The Koch brothers had invested heavily in the 2010 elections having donated $2 Million dollars to conservative candidates directly and now they are looking to cash in on that investment. They have fueled up the coffers of  Americans for Prosperity so that it could influence a wide range of issues. According to Eric Lipton, reporter for the New York Times: “The organization has taken up a range of topics, including combating the health care law, environmental regulations and spending by state and federal governments. The effort to impose limits on public labor unions has been a particular focus in Ohio, Indiana, Pennsylvania and Wisconsin, all states with Republican governors, Mr. Phillips said, adding that he expects new proposals to emerge soon in some of those states to limit union power.” 

During the 2010 election cycle, according to Amanda Terkel, “Walker received $43,000 from the Koch Industries PAC, his second-largest contribution. The PAC also gave significantly to the Republican Governors Association, which in turn helped out Walker considerably in his race. Koch also contributed $6,500 to support 16 Republican legislative candidates in the state…The Koch-funded group Americans for Prosperity has also been standing with Walker throughout his budget battles, busing in Tea Party activists and launching the site, Stand With Walker. After the election, Walker and other Republican governors received guidance from the American Legislative Exchange Council, a group that is also funded by Koch dollars and has pushed anti-union measures.”

Thus it should come as no surprise that Tim Phillips, President of Americans for Prosperity was in Madison this past weekend attempting to rally support for Scott Walker’s besieged administration. As it turns out Phillips’ organization is a major recipient of the financial largesse of David and Charles Koch, having received $40 Million dollars from the brothers last year. That’s close to a sixfold increase over the budget that Americans for Prosperity had just three years ago. According to Eric Lipton, reporter for the New York Times, the Koch brothers laid their groundwork in Wisconsin long before the first protestor held up a sign in Madison.
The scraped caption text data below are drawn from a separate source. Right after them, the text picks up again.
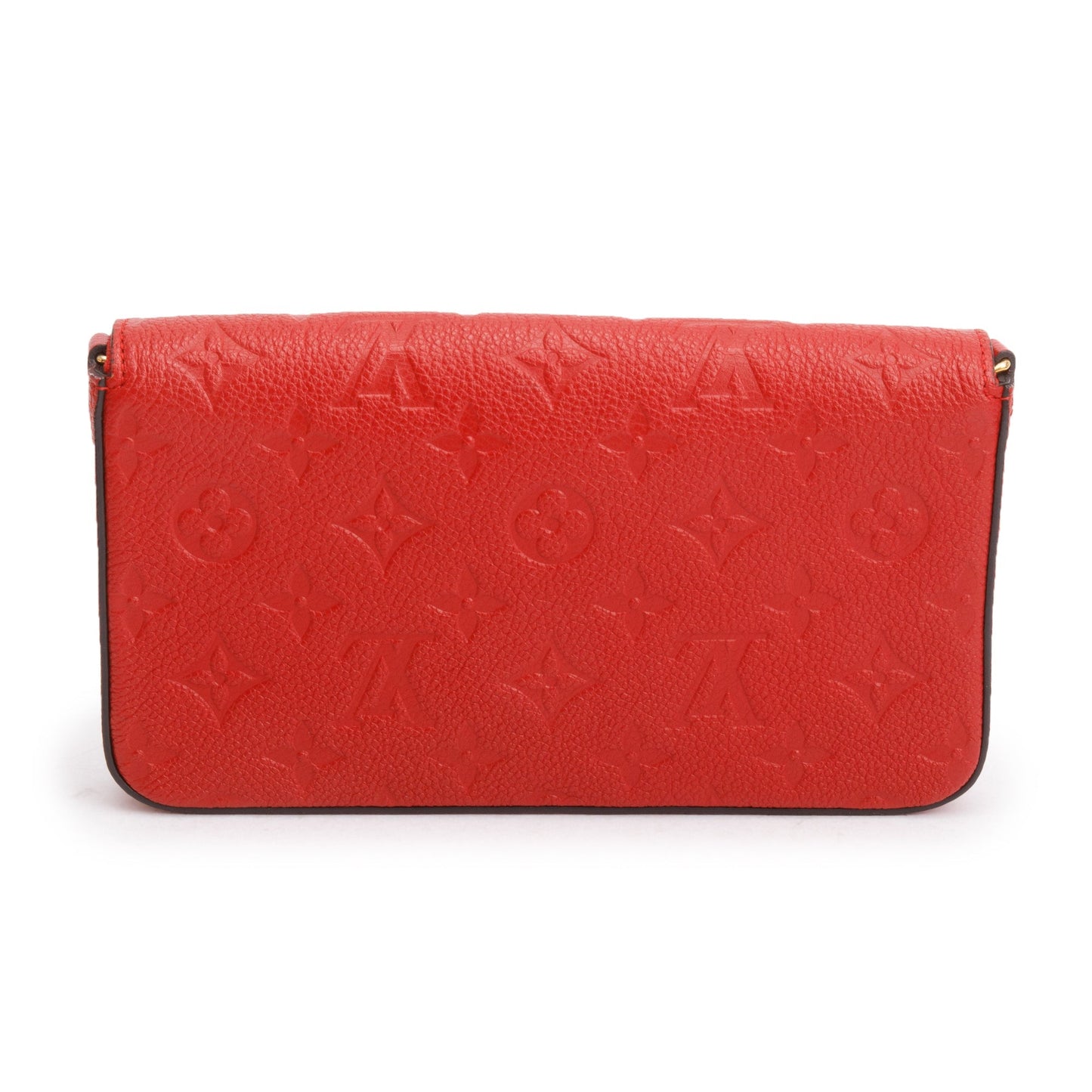Louis Vuitton Cherry Red Monogram Empreinte Leather Felicie Pochette Chain Wallet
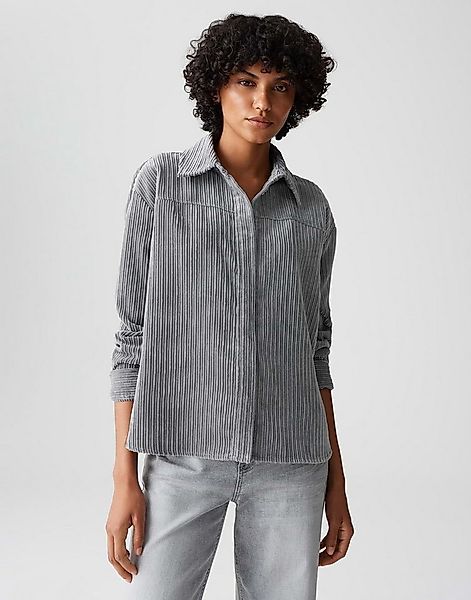 OPUS Langarmbluse FLANKY aus weichem Cord lockere Passform, weicher Griff, günstig online kaufen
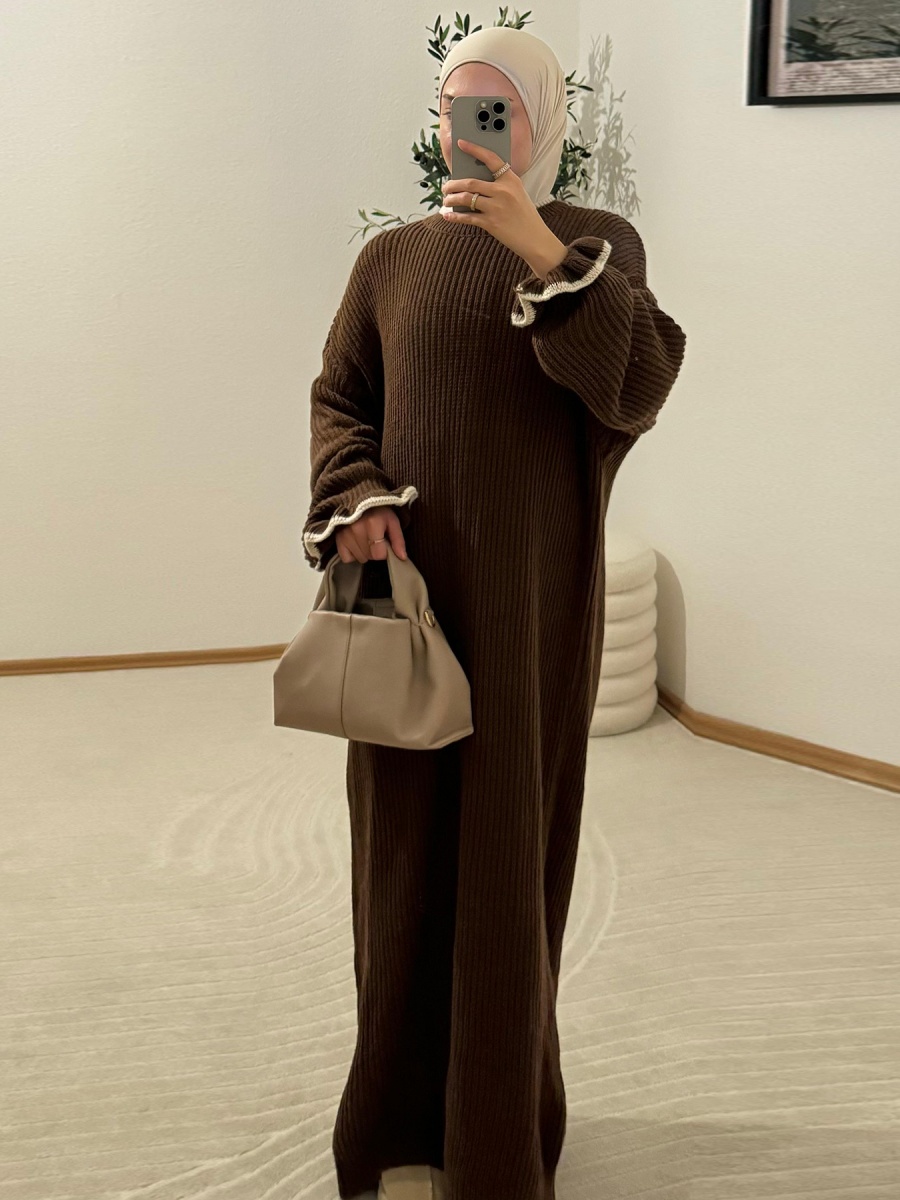 Muslim Women Winter Dubai Abay - Winter Clothing Dubai 评论和价格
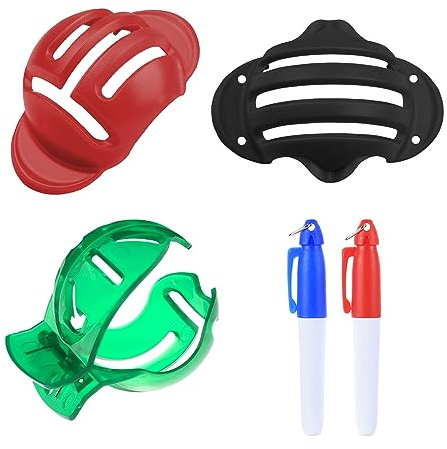 ATBUSS 3er-Pack Golfball-Liner-Hilfsmittel, 2er-Pack Liner-Stifte, Golfball-Markierungsclips, Golfball-Markierungswerkzeuge, Golfball-Ausrichtungsset, Golfball-Marker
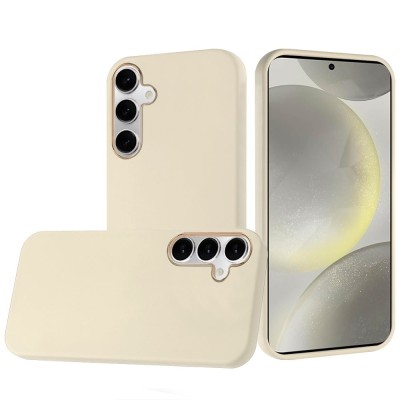 For Samsung s25/s24 Classy Slick Chromed Around Hybrid Case Cover - White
To wit: “Even before the new governor was sworn in last month, executives from the Koch-backed group had worked behind the scenes to try to encourage a union showdown, Mr. Phillips said in an interview on Monday…We thought it was important to do… adding that his group is already working with activists and state officials in Indiana, Ohio and Pennsylvania to urge them to take similar steps to curtail union benefits or give public employees the power to opt out of unions entirely.” From the aforementioned, it is more than obvious that the Koch brothers and their fellow travelers have an agenda that goes far beyond the bottom line of state budgets and aims at the very institutional integrity of unions, as we know them. Why else would they be concerned with issues such as an employee being able to opt out of their membership or the desire to force a showdown?
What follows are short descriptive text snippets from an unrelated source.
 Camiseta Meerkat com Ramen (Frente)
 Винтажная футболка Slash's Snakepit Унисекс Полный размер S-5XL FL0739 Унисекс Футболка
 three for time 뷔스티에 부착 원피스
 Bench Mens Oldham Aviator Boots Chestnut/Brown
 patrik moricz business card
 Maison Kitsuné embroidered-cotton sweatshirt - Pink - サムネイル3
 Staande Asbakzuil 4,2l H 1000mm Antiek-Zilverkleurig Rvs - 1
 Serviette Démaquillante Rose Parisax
The motives of the Koch brothers are more than amply clear as is the actions taken on their behalf by their operatives, both elected and paid, now at work in Wisconsin and across the Midwest. Their can be no denying that the Koch brothers have a political agenda designed to reshape the American economic landscape into one in which unions no longer exist. When one considers the money invested and the macro-political issues that transcend the mundane economics of state budgets, one can only wonder once again about to what degree the Tea Party Movement and it’s followers have been had by the political pros who have received a greatly enhanced degree of power and influence as a result of the 2010 elections and the money they invested therein.